- Due to the high cost of precursor materials, complex oxides of 4d and 5d transition metals are under-studied compared to their 3d counterparts. Recent studies have shown that oxides containing heavier transition metals can exhibit exotic electronic states due to presence of strong spin-orbit coupling. The goal of this dissertation is to investigate and to learn more about the chemical and electronic behavior of Ir and Rh. Four oxide systems were prepared and studied: Ba₂In₂₋ₓIrₓO₅₊δ, Ba₂₋ₓLaₓInIrO₆, BaLaIn₁₋yCayIrO₆, and A₁₊ₓRh₂₋ₓO₄ (A²⁺ = Co, Ni, Cu).
The solid solution series Ba₂In₂₋ₓIrₓO₅₊δ (x = 0 - 1.4, 2) was synthesized and its structural, magnetic, and charge transport properties were measured. With increasing Ir content, three transitions in the room temperature structure were observed: orthorhombic to tetragonal, tetragonal to cubic, and cubic to a monoclinic distortion of a hexagonal BaTiO₃ structure. Neutron diffraction refinements showed Ba₂In₁.₆Ir₀.₄O₅.₄ was cubic and Ba₂InIrO₆ was monoclinic. The latter result contradicts previously published XRD refinements. Magnetization measurements show Curie-Weiss behavior for x = 0.2–0.6, which arises from near 50:50 ratio of Ir(V) and Ir(VI). To our knowledge, this is the first time Ir(VI) has been stabilized with standard solid state methods under ambient conditions.

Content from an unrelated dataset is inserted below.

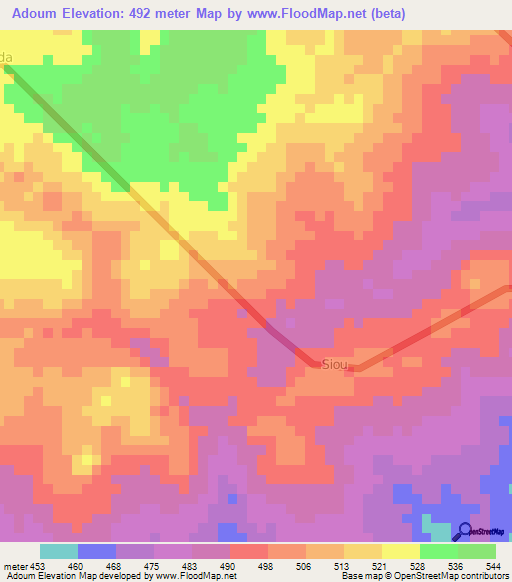 Adoum,Central African Republic Elevation Map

Electrical resistivity measurements show all the compounds studied were semiconducting, and that resistivity decreases with increasing Ir content which suggests proximity to a metal-insulator transition. A sign reversal in the high-temperature Seebeck coefficient is observed indicating both electron and hole charge transport.

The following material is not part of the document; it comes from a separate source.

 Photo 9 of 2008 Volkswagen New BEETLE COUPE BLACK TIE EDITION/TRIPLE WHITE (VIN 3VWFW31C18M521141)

Two novel solid solution series, Ba₂₋ₓLaₓInIrO₆ (x = 0–1.0) and BaLaIn₁₋yCayIrO₆ (y = 0–1.0), were prepared and several changes in structure, magnetic moment, and charge transport were observed. The Ba₂₋ₓLaₓInIrO₆ series exhibits a transition from a 6M polytype to an orthorhombic perovskite structure with increased La content whereas the BaLaIn₁₋yCayIrO₆ series transitioned from a disordered orthorhombic perovskite to an ordered cubic perovskite with increased Ca content. Seebeck measurements for both systems showed that Ir(IV)-rich compounds tended to have a n-type conduction mechanism while Ir(V)-rich compounds appeared to be p-type. Both systems were found to be semiconducting and the magnitude of the resistivity is dependent on the crystal structure and Ir environment. Magnetic measurements show that the μeff values for both systems are significantly less than predicted for Ir(IV) (1.73 μB) and greater than predicted for Ir(V) (0 μB). These results are compared to other iridate compound families.

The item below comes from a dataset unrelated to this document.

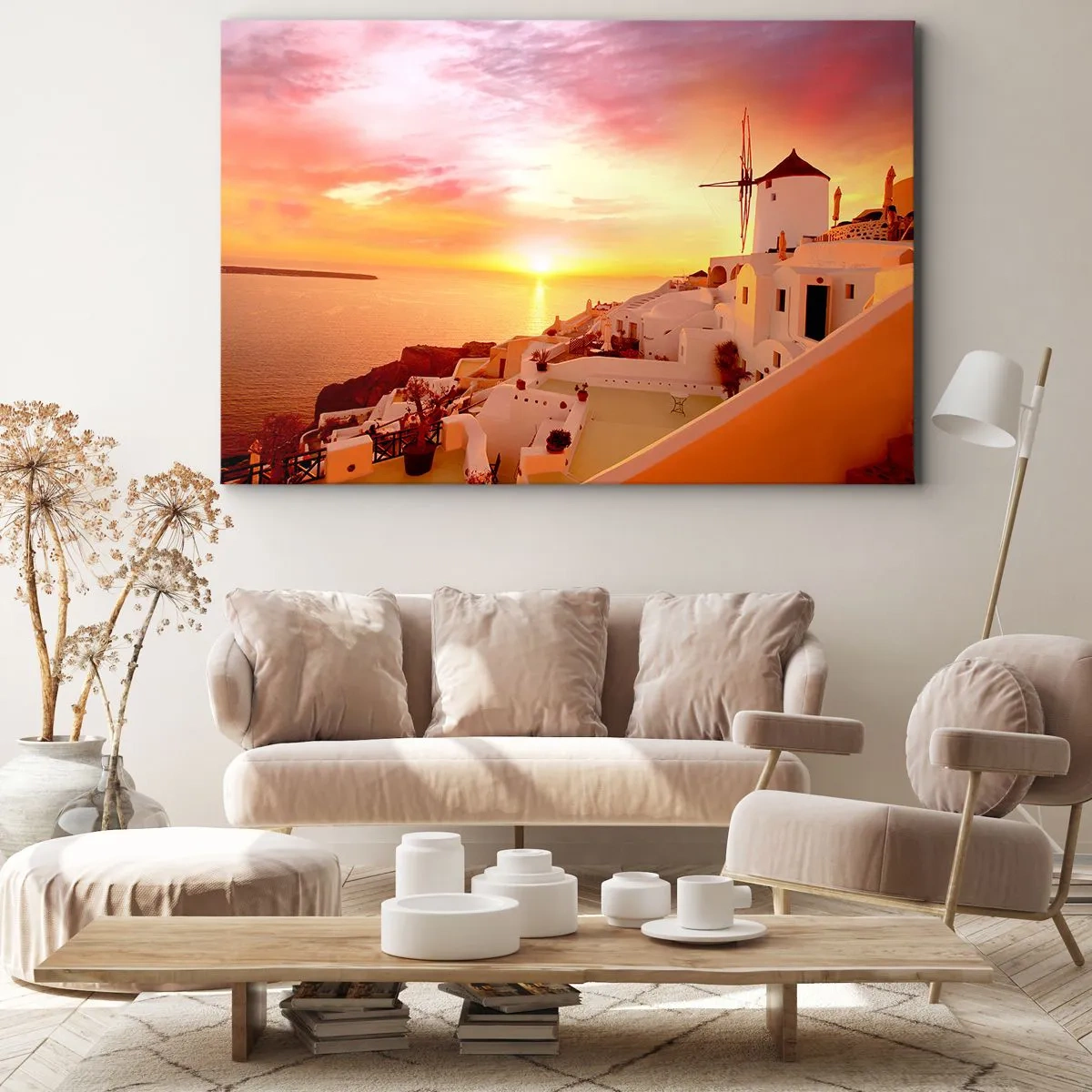 Quadro su tela - Stampe su Tela - Santorini al tramonto con un mulino a vento - 120x80cm - Sciogliersi nel bianco e nell'oro - Decorazione murale moderna per soggiorno e camera da letto ARTTOR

The spinels A₁₊ₓRh₂₋ₓO₄ (A²⁺ = Co, Ni, Cu) were previously reported but information on their structures and magnetic behavior was lacking. CoRh₂O₄, CuRh₂O₄, and the novel composition Ni₁.₂₅Rh₁.₇₅O₄ were prepared using standard solid state methods and characterized using diffraction and magnetic susceptibility techniques. CoRh₂O₄ was found to have the cubic spinel structure (Fd3̄m) whereas CuRh₂O₄ and Ni₁.₂₅Rh₁.₇₅O₄ crystallized in tetragonally distorted spinel structures (I4₁/amd) due to Jahn-Teller effects. Antiferromagnetic behavior was observed in χ(T) data for CoRh₂O₄ (TN = 24.9(1) K, μeff = 4.42(1) μB) and CuRh₂O₄ (TN = 24(1) K, μeff = 1.97(1) μB) and their magnetic structures while determined be an antiferromagnetic A-type and an ab-plane helical structure, respectively. An upward deviation from Curie-Weiss behavior in the χ(T) data and a positive θ value for Ni₁.₂₅Rh₁.₇₅O₄ suggests the presence of competing ferromagnetic and antiferromagnetic correlations. A divergence in ZFC and FC χ(T) data was observed for Ni₁.₂₅Rh₁.₇₅O₄ as well as a lack of long-range ordering in low temperature neutron data both of which suggest spin-glass behavior.